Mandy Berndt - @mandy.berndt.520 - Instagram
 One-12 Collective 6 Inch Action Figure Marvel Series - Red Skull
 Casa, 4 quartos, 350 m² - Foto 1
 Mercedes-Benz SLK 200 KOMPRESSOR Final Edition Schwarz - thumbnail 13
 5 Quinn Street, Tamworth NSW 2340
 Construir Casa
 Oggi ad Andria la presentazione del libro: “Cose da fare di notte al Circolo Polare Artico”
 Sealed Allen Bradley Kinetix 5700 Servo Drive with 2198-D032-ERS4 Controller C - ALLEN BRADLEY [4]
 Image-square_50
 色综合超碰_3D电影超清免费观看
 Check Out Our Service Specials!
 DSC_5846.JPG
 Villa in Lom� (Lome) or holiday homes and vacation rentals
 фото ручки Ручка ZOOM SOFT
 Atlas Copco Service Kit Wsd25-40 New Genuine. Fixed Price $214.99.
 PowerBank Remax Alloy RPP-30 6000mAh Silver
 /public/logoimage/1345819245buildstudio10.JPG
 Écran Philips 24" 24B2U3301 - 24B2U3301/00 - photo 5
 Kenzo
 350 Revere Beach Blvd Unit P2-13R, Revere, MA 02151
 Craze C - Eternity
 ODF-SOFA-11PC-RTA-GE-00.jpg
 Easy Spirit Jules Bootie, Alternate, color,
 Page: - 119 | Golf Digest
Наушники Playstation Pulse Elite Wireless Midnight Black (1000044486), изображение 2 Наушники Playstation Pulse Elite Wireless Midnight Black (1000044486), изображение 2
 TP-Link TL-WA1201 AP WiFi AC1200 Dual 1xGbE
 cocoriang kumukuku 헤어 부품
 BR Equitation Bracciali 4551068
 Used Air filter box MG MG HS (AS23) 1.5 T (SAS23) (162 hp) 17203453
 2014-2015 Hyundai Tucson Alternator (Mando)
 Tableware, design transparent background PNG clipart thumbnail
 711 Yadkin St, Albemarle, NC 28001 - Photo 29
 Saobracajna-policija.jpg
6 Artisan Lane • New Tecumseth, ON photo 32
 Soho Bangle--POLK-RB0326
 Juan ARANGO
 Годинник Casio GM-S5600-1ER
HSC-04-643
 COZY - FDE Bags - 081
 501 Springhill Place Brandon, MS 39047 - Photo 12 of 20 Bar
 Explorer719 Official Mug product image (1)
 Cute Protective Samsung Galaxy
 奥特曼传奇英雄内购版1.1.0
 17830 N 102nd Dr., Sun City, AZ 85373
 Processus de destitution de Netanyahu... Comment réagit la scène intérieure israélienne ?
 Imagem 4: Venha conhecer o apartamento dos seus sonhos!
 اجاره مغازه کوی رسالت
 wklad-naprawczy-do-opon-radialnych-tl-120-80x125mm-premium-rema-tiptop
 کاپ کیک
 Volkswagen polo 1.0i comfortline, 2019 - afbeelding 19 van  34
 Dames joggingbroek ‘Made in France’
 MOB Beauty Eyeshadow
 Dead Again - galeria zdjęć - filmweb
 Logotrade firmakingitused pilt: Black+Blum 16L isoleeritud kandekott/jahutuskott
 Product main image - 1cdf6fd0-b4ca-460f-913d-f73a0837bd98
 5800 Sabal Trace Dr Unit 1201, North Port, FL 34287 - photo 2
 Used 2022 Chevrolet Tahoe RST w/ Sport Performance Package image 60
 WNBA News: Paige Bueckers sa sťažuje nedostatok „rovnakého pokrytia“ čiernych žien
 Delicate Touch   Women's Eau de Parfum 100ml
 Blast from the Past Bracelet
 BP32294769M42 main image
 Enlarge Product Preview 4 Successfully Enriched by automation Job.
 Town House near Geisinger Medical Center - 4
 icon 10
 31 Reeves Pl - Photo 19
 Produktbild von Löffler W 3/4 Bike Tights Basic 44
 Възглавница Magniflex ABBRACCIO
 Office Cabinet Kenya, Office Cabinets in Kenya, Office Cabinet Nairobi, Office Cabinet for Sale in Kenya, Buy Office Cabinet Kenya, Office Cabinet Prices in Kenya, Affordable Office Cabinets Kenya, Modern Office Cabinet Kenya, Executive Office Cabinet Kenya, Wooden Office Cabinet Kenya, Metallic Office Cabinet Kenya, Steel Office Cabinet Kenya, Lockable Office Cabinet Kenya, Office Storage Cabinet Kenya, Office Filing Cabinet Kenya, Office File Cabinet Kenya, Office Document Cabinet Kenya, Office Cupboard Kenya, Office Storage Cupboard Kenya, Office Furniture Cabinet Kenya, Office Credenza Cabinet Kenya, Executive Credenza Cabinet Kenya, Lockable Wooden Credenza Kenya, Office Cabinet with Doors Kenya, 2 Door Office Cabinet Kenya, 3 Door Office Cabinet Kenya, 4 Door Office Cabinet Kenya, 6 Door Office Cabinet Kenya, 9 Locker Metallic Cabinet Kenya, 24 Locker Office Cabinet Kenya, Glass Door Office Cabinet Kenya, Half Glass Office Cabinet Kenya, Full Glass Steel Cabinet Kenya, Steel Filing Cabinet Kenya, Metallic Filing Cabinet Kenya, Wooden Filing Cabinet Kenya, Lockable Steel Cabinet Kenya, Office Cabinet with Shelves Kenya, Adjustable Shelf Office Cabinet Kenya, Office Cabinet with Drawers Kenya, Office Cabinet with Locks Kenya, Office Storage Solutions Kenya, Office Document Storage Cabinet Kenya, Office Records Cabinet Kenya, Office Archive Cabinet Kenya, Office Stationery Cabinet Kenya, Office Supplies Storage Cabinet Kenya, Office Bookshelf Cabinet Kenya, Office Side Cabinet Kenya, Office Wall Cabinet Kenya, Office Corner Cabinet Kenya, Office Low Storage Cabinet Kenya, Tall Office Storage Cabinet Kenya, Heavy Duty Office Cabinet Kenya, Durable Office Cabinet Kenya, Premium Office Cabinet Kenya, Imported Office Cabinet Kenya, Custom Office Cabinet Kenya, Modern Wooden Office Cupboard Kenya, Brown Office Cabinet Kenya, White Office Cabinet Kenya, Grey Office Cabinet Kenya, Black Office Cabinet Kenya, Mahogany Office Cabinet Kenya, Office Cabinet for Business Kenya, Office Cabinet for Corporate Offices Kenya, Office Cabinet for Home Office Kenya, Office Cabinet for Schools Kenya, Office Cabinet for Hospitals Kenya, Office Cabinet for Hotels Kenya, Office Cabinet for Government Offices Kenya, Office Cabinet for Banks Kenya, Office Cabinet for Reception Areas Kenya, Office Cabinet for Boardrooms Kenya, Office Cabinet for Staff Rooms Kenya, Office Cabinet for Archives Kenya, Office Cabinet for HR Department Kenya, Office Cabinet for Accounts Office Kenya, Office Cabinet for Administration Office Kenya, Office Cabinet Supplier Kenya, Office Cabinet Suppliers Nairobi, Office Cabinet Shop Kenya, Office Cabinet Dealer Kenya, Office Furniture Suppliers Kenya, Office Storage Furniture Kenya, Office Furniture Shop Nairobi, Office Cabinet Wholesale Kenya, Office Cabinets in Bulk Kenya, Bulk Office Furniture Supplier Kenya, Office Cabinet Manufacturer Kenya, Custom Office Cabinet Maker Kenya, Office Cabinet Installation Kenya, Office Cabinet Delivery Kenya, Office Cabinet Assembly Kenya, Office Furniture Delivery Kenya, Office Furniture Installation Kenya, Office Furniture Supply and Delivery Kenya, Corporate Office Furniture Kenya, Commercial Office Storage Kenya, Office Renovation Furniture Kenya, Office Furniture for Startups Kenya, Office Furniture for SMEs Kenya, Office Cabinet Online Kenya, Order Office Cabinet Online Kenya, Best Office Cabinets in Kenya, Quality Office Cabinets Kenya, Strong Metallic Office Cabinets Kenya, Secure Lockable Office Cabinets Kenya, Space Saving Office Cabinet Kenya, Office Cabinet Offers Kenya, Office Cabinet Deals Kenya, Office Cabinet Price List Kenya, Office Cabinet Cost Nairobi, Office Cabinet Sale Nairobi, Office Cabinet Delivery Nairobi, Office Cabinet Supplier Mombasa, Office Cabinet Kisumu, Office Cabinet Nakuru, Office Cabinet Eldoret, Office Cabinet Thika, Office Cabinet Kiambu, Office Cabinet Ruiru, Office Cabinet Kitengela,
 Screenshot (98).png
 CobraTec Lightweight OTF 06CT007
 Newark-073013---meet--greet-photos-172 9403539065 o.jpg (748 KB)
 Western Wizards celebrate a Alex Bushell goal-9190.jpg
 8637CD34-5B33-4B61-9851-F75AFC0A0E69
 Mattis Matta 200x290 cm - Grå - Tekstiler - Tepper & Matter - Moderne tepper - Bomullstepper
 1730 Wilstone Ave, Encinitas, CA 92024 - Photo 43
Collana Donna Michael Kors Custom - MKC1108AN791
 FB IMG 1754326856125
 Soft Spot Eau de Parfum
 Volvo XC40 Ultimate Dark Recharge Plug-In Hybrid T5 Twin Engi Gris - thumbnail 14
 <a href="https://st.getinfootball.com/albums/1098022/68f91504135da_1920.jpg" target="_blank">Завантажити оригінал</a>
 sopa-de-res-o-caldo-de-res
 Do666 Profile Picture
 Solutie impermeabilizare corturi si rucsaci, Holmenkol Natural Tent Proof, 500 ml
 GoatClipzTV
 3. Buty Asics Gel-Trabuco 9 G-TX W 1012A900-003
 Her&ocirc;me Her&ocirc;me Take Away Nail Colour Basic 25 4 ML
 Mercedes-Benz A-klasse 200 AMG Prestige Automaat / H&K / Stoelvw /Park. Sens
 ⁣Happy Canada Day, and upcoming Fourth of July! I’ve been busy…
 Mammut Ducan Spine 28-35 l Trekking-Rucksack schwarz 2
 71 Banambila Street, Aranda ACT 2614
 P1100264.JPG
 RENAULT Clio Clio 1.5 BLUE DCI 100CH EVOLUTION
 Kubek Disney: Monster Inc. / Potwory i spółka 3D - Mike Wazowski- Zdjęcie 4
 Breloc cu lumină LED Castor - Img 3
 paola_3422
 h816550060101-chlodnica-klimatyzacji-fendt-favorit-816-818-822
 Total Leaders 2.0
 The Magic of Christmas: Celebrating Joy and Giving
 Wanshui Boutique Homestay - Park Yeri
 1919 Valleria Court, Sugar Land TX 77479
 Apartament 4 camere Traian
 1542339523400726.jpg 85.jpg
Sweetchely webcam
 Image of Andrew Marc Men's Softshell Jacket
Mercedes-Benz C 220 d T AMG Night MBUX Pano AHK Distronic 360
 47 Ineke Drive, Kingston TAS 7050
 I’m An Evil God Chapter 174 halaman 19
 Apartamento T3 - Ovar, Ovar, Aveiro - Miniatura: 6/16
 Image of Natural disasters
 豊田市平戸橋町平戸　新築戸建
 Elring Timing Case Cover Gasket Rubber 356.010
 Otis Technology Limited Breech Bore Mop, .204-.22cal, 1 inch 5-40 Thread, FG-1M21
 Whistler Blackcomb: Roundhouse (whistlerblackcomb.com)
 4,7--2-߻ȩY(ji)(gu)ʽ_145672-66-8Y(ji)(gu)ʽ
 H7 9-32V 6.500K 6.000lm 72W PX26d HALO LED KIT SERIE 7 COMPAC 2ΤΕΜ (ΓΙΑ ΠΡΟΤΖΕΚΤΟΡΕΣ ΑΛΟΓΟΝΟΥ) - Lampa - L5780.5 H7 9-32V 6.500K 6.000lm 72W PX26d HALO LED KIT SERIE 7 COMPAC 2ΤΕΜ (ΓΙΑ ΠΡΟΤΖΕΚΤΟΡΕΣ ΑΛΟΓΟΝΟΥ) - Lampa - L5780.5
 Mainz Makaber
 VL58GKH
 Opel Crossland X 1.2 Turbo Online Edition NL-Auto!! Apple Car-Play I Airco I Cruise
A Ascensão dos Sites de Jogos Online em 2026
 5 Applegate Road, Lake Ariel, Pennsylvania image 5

──────

Problem - From the listing above, collect every line that mentions the word "Mercedes".

Output of the exercise -
 Mercedes-Benz SLK 200 KOMPRESSOR Final Edition Schwarz - thumbnail 13
 Mercedes-Benz A-klasse 200 AMG Prestige Automaat / H&K / Stoelvw /Park. Sens
Mercedes-Benz C 220 d T AMG Night MBUX Pano AHK Distronic 360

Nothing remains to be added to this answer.